- _WORK REQUIRED_: Leaving the images out, output each entry below exactly.

- _GIVEN DATA_:
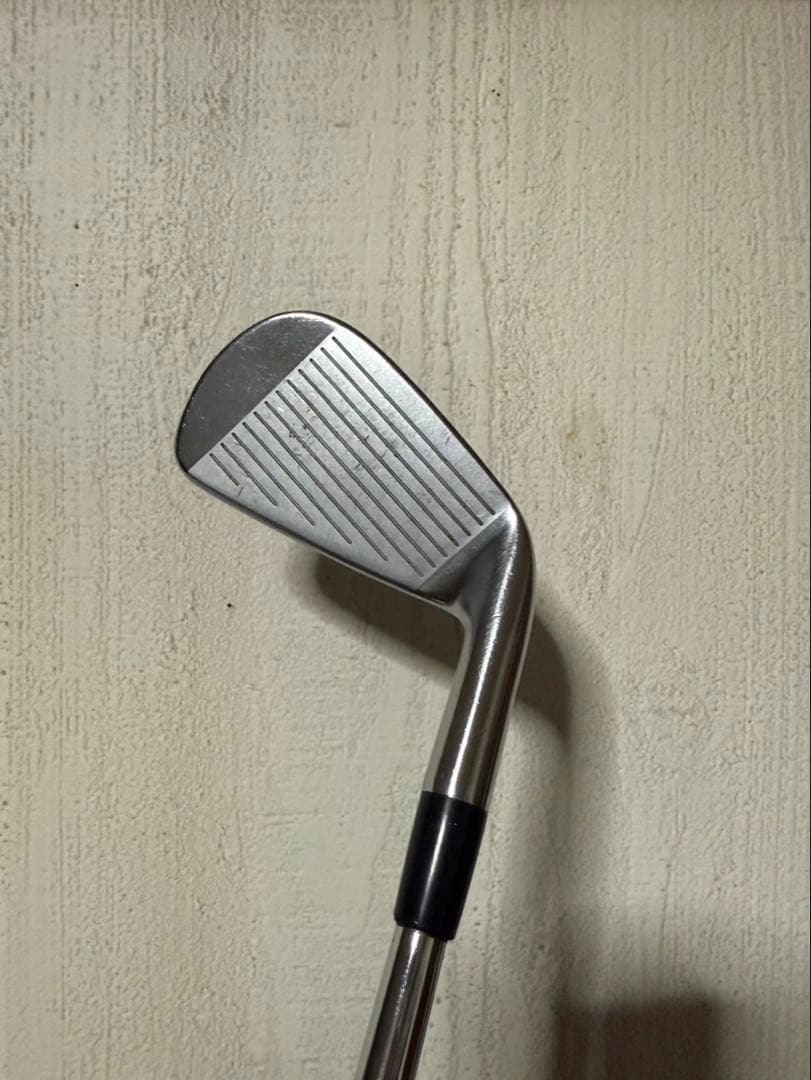 Titleist AP2 716アイアンセット レフティ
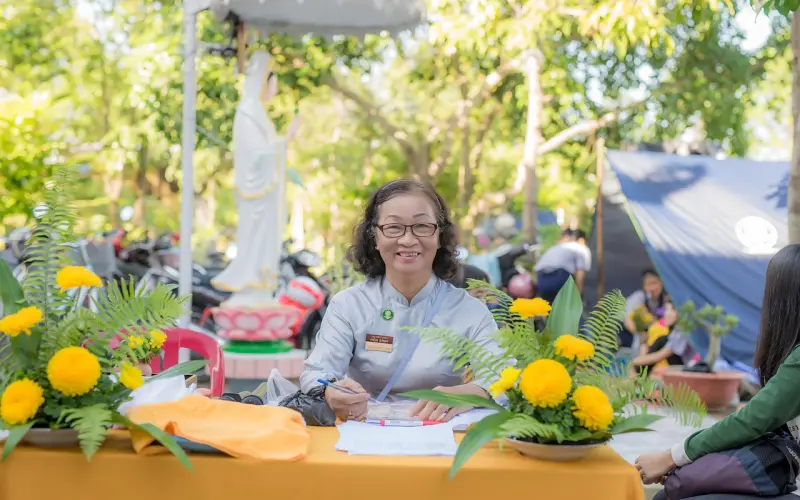 成年人不会在朋友圈说分手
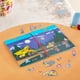 thumbnail image 3 of Flip flap pad stickers reutilizables Paw Patrol - Rescate final, 3 of 5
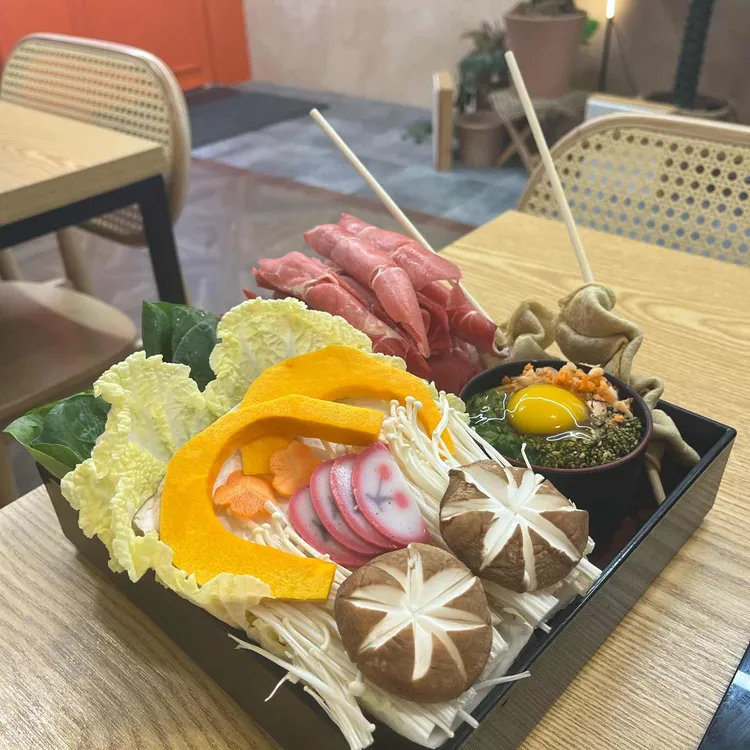 규슈 사진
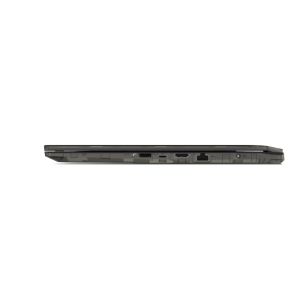 Лаптоп MSI Cyborg 15 A13VEK, i7-13620H (10C/16T, up to 4.90GHz, 24 MB), GeForce RTX 4050 6GB GDDR6, 15.6" FHD (1920x1080), 144Hz, IPS-Level, 16GB DDR5 5200MHz, 512GB PCIe Gen4x4 SSD, WiFi 6E, BT 5.3, 4 Zone RGB Kbd, NO OS, 53.5Whr, 1.98kg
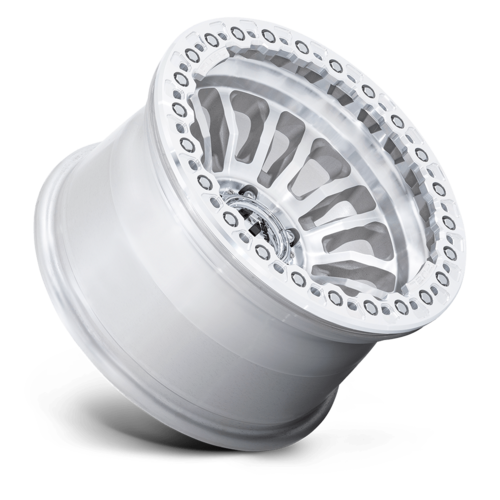 RINCON BL 20X10 5X5 71 -48 MACH
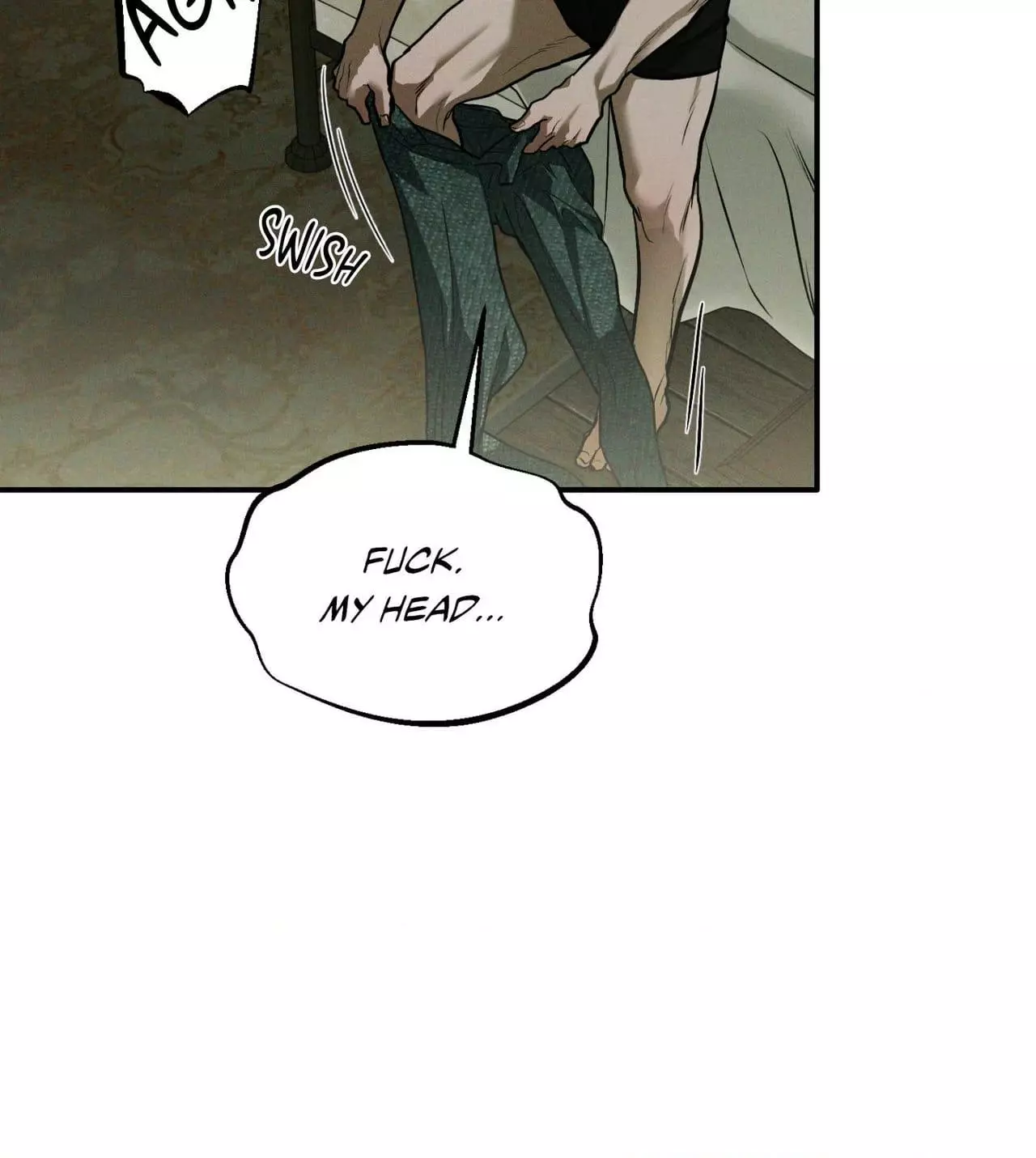 Flashlight Chapter 65 page 44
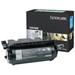 Toner Lexmark T630 X630 T632/634 X632/634 5K E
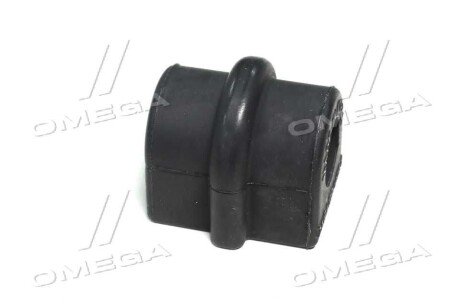 Втулка (резинка) переднего стабилизатора ctr GV0132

- _RESPONSE_:
 Titleist AP2 716アイアンセット レフティ
 成年人不会在朋友圈说分手
 thumbnail image 3 of Flip flap pad stickers reutilizables Paw Patrol - Rescate final, 3 of 5
 규슈 사진
 Лаптоп MSI Cyborg 15 A13VEK, i7-13620H (10C/16T, up to 4.90GHz, 24 MB), GeForce RTX 4050 6GB GDDR6, 15.6" FHD (1920x1080), 144Hz, IPS-Level, 16GB DDR5 5200MHz, 512GB PCIe Gen4x4 SSD, WiFi 6E, BT 5.3, 4 Zone RGB Kbd, NO OS, 53.5Whr, 1.98kg
 RINCON BL 20X10 5X5 71 -48 MACH
 Flashlight Chapter 65 page 44
 Toner Lexmark T630 X630 T632/634 X632/634 5K E
 Втулка (резинка) переднего стабилизатора ctr GV0132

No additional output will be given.